The Spectrin-Actin-Based Periodic Cytoskeleton as a Conserved Nanoscale Scaffold and Ruler of the Neural Stem Cell Lineage.

Through three-dimensional STORM super-resolution microscopy, we resolve the spectrin-actin-based membrane cytoskeleton of neural stem cells (NSCs) and NSC-derived neurons, astrocytes, and oligodendrocytes. We show that undifferentiated NSCs are capable of forming patches of locally periodic, one-dimensional (1D) membrane cytoskeleton with ∼180 nm periodicity. Such periodic structures become increasingly ordered and long-ranging as the NSCs mature into terminally differentiated neuronal and glial cell types, and, during this process, distinct 1D periodic "strips" dominate the flat 2D membranes.
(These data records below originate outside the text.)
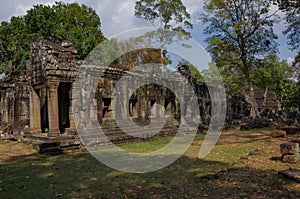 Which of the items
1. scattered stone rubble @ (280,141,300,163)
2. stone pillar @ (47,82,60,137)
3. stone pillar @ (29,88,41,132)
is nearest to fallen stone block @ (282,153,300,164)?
scattered stone rubble @ (280,141,300,163)

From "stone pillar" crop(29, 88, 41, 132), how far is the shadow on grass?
625 centimetres

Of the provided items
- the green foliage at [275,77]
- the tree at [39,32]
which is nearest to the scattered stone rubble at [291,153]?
the tree at [39,32]

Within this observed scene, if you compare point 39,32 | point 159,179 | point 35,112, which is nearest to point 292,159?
point 159,179

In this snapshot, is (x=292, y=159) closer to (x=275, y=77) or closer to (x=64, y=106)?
(x=64, y=106)

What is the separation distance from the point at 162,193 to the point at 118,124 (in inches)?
425

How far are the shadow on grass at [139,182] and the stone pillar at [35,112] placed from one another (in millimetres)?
6251

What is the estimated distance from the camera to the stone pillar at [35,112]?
15354mm

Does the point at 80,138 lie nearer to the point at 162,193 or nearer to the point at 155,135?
the point at 155,135

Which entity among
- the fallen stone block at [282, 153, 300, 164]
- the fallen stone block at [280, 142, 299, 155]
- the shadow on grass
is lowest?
the shadow on grass

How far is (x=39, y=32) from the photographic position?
97.1ft

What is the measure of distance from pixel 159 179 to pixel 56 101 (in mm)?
8270

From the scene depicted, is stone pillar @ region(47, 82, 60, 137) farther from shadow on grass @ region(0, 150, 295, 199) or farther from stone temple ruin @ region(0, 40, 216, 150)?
shadow on grass @ region(0, 150, 295, 199)

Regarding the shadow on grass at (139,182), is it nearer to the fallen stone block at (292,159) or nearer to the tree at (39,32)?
the fallen stone block at (292,159)

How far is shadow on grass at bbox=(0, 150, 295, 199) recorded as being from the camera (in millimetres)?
5820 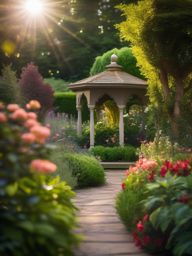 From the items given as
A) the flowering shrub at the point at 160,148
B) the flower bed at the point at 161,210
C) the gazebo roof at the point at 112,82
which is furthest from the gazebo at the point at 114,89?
the flower bed at the point at 161,210

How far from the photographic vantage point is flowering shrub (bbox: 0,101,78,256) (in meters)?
3.31

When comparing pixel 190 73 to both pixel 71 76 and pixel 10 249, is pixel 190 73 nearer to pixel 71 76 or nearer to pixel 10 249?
pixel 10 249

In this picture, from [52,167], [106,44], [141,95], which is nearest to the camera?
[52,167]

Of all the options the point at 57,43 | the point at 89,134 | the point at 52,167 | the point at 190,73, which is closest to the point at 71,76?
the point at 57,43

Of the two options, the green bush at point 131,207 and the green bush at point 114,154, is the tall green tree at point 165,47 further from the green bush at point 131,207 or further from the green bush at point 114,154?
the green bush at point 131,207

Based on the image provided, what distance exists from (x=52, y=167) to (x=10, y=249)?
625mm

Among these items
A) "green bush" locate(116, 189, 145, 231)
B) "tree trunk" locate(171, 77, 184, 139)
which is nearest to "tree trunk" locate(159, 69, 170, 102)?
"tree trunk" locate(171, 77, 184, 139)

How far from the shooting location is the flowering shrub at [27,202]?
10.9 feet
Moreover, we report remarkable alignment of the periodic cytoskeletons between abutting cells at axon-axon and axon-oligodendrocyte contacts and identify two adhesion molecules, neurofascin and L1CAM, as candidates to drive this nanoscale alignment. We thus show that a conserved 1D periodic membrane cytoskeletal motif serves as a nanoscale scaffold and ruler to mediate the physical interactions between cell types of the NSC lineage.